# The Firenze appears to be a great deal. Is it?



## JohnnyCat (Jan 22, 2004)

Does the Firenze lack major quality in the material it uses or the welding process? I am not a big beliver in all these different tube shapes(neither is Seven or Serotta). It seems like Seven and Serotta though do swear by cold working. Is the only reason the bike is so cheap is because it doesn't have the GET or cold worked tubes. What exactly is cold worked, and does it make a huge difference? How is this bike different from Tuscany's of years past that just used straight round tubes? Would the difference just be the cold working aspect? Could someone explain what butted means? Serotta brags triple. Seven and many others claim double. Is single butted standard or is it possible to have no butting at all?

Has any body ridden the Firenze or Solano? How do they ride compared to equally priced steel or to high end Ti bikes?

Thanks John


----------



## DrD (Feb 5, 2000)

Well - I haven't seen one of these bikes, but I can answer some of your questions which are non-bike specific



JohnnyCat said:


> What exactly is cold worked, and does it make a huge difference?


cold work is the term used to describe the strengthening which is obtained by deforming a material without heating it (it's sort of a misnomer, as the material does heat as you deform it) - essentially, what happens is the deformation induces defects in the material which hinder further deformation - thus increasing the stress required to deform the material again - in other words, it's stronger than it would have been if it were undeformed. Cold working lets you have a stronger tube (the work comes from the actual drawing of the tube) for a given material, so you can use thinner walled tubing to get the job done, and end up with a lighter bike. (cold work is lost when you heat the material significantly, such as with welding - the regions near the weld loose some of that strength, so you would need a thicker tube wall in those regions to be as strong as the rest of the tube (see your question on butting below) - this is why air hardening steels are sort of neat - they get stronger when you heat them, allieviating the softening problem)



JohnnyCat said:


> How is this bike different from Tuscany's of years past that just used straight round tubes?

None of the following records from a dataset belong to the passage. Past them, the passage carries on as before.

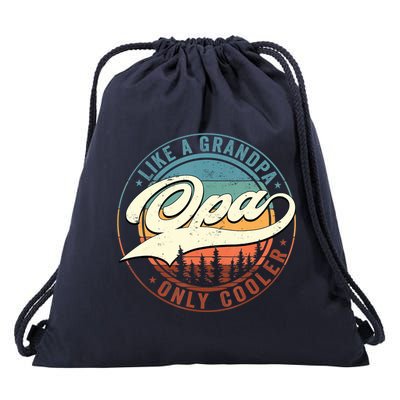 Opa Like A Grandpa Only Cooler Vintage Retro Opa Dad Drawstring Bag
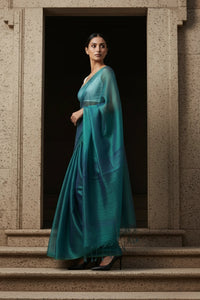 TEAL TEMPTATION | Handloom Tissue | Indidha Saree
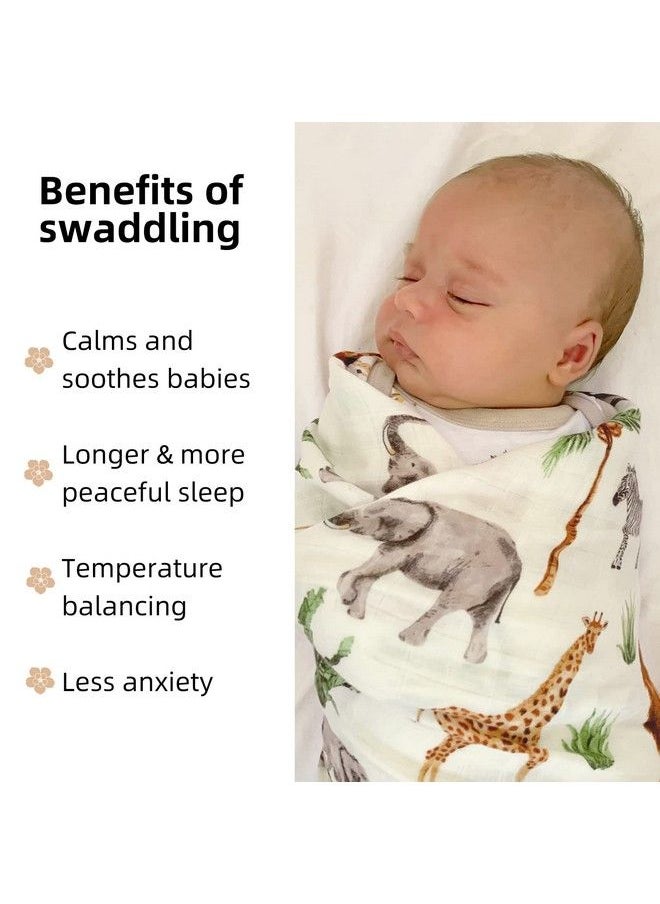 LifeTree - Muslin Swaddle Blankets Unisex Woodland Baby Swaddling Wrap Nursery Neutral Receiving Blanket For Boys & Girls 70% Bamboo & 30% Cotton Large 47 X 47 Inches Safari Jungle/Olive Green - Image 1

It's probably pretty similar - I do have a question, though - on the Litespeed web page it specifically states that certain tubes are 3-2.5, maybe the others are cp or something like that (and thus are weaker)



JohnnyCat said:


> Could someone explain what butted means? Serotta brags triple. Seven and many others claim double. Is single butted standard or is it possible to have no butting at all?


butting, for a tube, means that the tube has more than one wall thickness along it's length - double butting has two, triple has three, etc. This is done because in many materials, you don't need the wall thickness to be very much in the middle of the tube to get the job done, but you do need it thicker on the ends so that you can weld it more readily - so a butted tube on a bicycle is thicker on the ends than in the middle (just like with butted spokes)


----------



## JohnnyCat (Jan 22, 2004)

*Thanks for the info. Got a few more Q's*

If a tube is not cold worked can it further weaken where it is welded? Or is welding only capable of removing strength that cold working gives?

If I'm not willing to pay the high price of high end titanium, is it usually always better to get a good steel frame over a budget Ti frame?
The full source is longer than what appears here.